▼▼▼

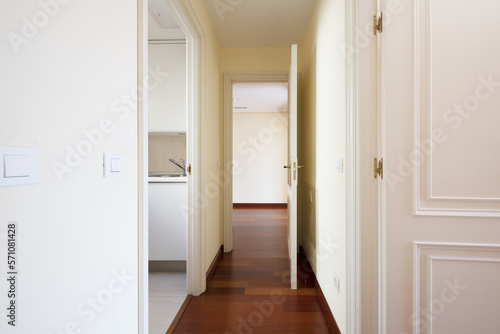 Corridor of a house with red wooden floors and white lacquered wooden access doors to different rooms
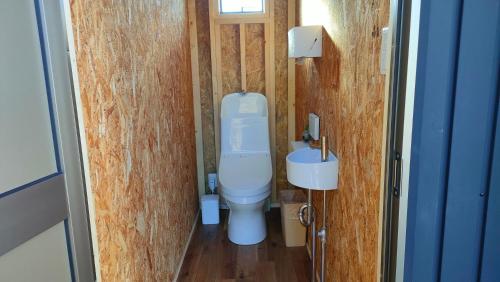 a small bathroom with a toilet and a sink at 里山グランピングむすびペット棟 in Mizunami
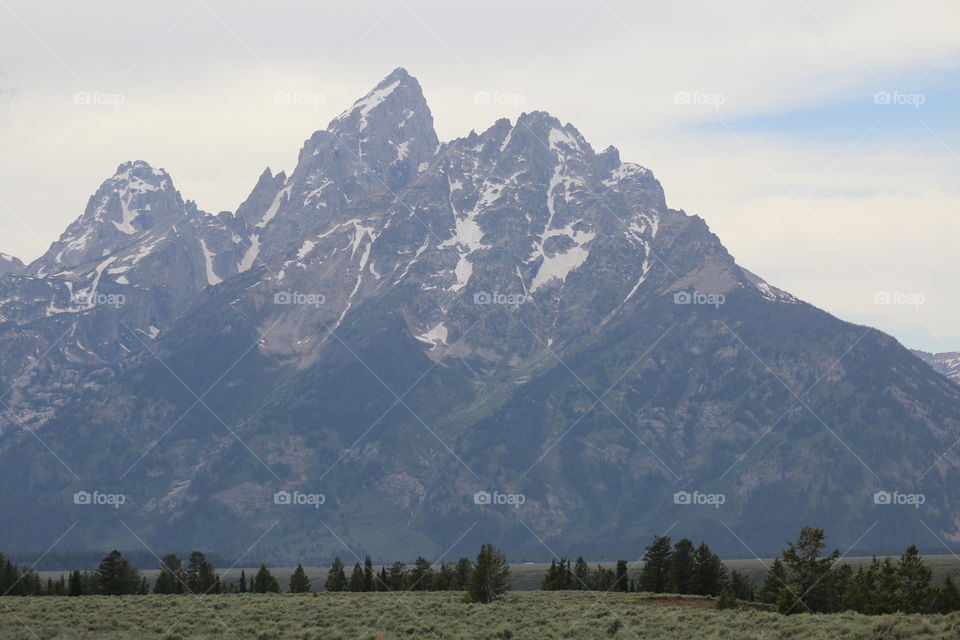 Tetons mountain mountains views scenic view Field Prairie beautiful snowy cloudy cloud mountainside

▲▲▲
▼▼▼

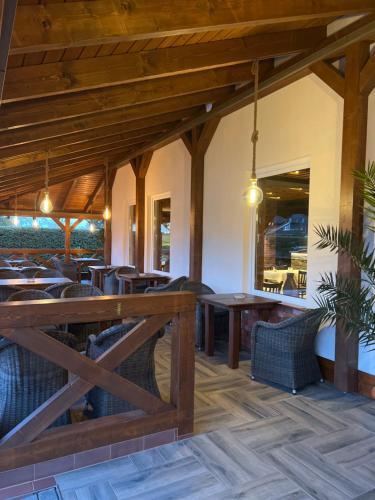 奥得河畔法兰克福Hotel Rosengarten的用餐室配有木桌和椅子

▲▲▲
▼▼▼

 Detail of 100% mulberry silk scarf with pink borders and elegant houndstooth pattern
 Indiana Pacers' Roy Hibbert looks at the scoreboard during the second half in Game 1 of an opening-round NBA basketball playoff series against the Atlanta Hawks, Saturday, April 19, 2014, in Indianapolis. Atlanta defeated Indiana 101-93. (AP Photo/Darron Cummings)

▲▲▲

THE PROBLEM:
Copy exactly the part of the material above that opens with the line containing "Corridor of a" and closes with the line containing "Tetons mountain mountains", ends included. Drop the images.

SOLUTION FOR THIS PROBLEM:
 Corridor of a house with red wooden floors and white lacquered wooden access doors to different rooms
 a small bathroom with a toilet and a sink at 里山グランピングむすびペット棟 in Mizunami
 Tetons mountain mountains views scenic view Field Prairie beautiful snowy cloudy cloud mountainside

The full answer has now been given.